Revenue mix between secondment, projects, services or software development activities: to support the transition from a leading software integrator to a total technology and service provider, ICT strives to increase its higher value added revenue from projects, as well as from services and licences. Moreover, the latter provides ICT with a recurring revenue stream. ICT aims at around 30% of total revenue for both project and services & licences oriented revenue and 40% of its revenue from secondment. In this transition, unexpected or unanticipated risks in projects and the potential consequences on the financial performance are higher. Projects can be complex due to the scale, the desired functionality, the applied technology or the involvement of several parties. This can result in financial risks in projects for which ICT Group bears result responsibility. ICT works continuously on an optimally functioning internal quality and control system to minimise the risks related to the execution of projects and assignments. When the direct and full impact of a risk on the result to be achieved can be assigned to ICT, ICT will of course assume this responsibility. ICT can bear this responsibility, as it has management with the right breadth and depth of competencies and business and IT knowledge. To ensure continuity in the event of claims, ICT has a general and professional liability insurance.

Labour market scarcity: a number of competencies are scarce. The ability to attract and retain the right people is a key driver of growth. ICT strives to be an attractive employer that invests in its people and encourages entrepreneurship.

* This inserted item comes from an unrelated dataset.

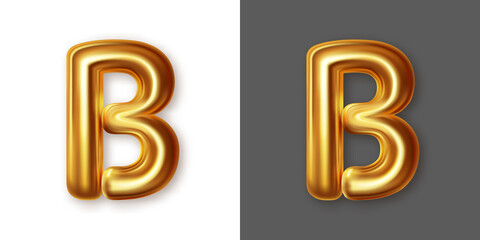 Metallic gold alphabet letter symbol - B. Vector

ICT continuously develops and implements initiatives to reinforce this. “Bring out the best in yourself” is how ICT approaches its HR development strategy. Important elements in this approach are employee empowerment and entrepreneurship.

Inadequate funding: ICT Group combines its strong organic development with growth through acquisitions. In 2016, ICT Group extended its acquisition credit facility with Rabobank to € 11 million from € 6 million. Additionally, ICT increased its working capital credit facility to € 10 million from € 6 million. The conditions of the facilities remained unchanged. As per 31 December 2016, ICT Group had unused credit facilities totalling € 12 million (2015: € 12 million). At year-end 2016, ICT Group was operating well within the ratios stipulated by its banks. The company assesses on a quarterly basis whether it is still in compliance with the terms of its bank covenants. These developments and trends can also be seen in the map below:

Impact and trends risks in 2016

Principal risk areas
The following overview of the principal risks for ICT is not exhaustive. It is also possible that risks that have not currently been identified, or that are not regarded as material, will have a significantly adverse effect on ICT’s ability to achieve its objectives at a later date. ICT’s internal risk management and risk control systems are, in as far as possible, geared to the timely identification of such risks.

Executive Board’s in control statement
Based on the evaluations carried out, the Executive Board concludes that the risk management system, as well as the control of the business processes and the internal controls within ICT, are sufficiently professional and appropriate. The Executive Board is of the opinion that the risk management system with its controls and measurements offers a sufficient degree of certainty regarding the reliability of the financial information and the management information generated by this system and is in accordance with the relevant laws and regulations.